We reported last month that if the planned merger with T-Mobile is approved by regulators, the combined company promises to roll out many other markets very quickly, and have nearly a national 5G footprint. A claim they hope will help sway regulators towards approving the mega-merger.
Sprint 5G Rollout
“Today we have a great LTE network, and with Sprint 5G, we’ll deliver for our customers mobile data speeds that are up to 10 times faster, with significantly improved reliability and coverage,” said Kevin Crull, Sprint’s chief strategy officer, in a prepared statement. “This next generation of wireless technology will create incredible new connections to people and things, and services and experiences that are so unique they will make an impact on the lives of our consumers.”
In April the company began rolling out its first Massive MIMO radios in Dallas, Los Angeles and New York City with more units being added in these and other 5G markets. Sprint said it expects to deploy thousands of Massive MIMO radios in 2018 and 2019.
“We have an innovative approach to 5G that leverages our 2.5 GHz spectrum assets with Massive MIMO technology and we’re excited by the results of early deployment,” said John Saw, Sprint chief technology officer, in a prepared statement. “Sprint is one of the only operators in the world with enough capacity to operate LTE and 5G simultaneously using Massive MIMO and huge channels of 100-200 MHz of licensed spectrum. We can deploy this in the top markets across the country and that’s a powerful differentiator for Sprint.”

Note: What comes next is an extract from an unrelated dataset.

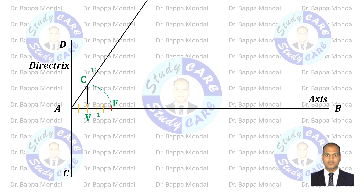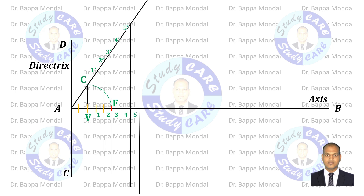The intersection points with AB give numbering as 1, 2, 3, 4 and so on. Similarly, the intersection points with the AC extended line are named 1', 2', 3', 4' and so on.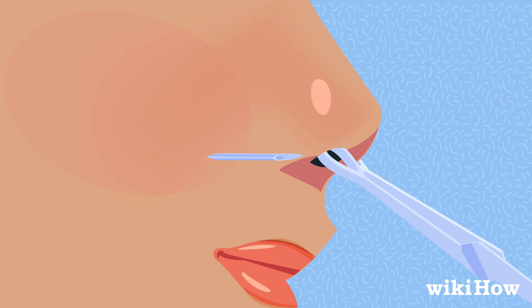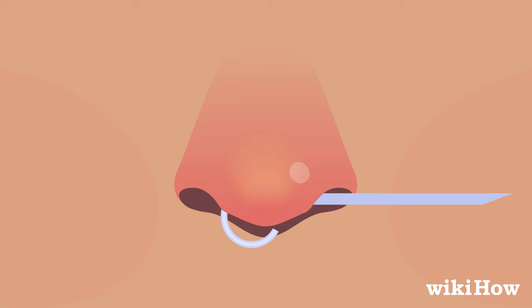Line a sterile, hollow piercing needle up with the hole in the clamp. Take a deep breath and push the needle through in one smooth movement. Put the open end of your septum ring into the back of the hollow needle, then slowly pull the needle out so that it threads the jewelry through the piercing. Secure your jewelry in place with its fastener.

A key part of Sprint’s Next-Gen Network strategy is to deploy massive MIMO technology. The company is significantly increasing its investment to launch mobile 5G in the first half of 2019. The Next-Gen Network build, expected to take several years, will include upgrading cell sites to triband service using 800 MHz, 1.9 GHz, and 2.5 GHz spectrum. The company plans to add thousands of new cell sites to expand coverage and to densify the network using more small cells to increase capacity and speed.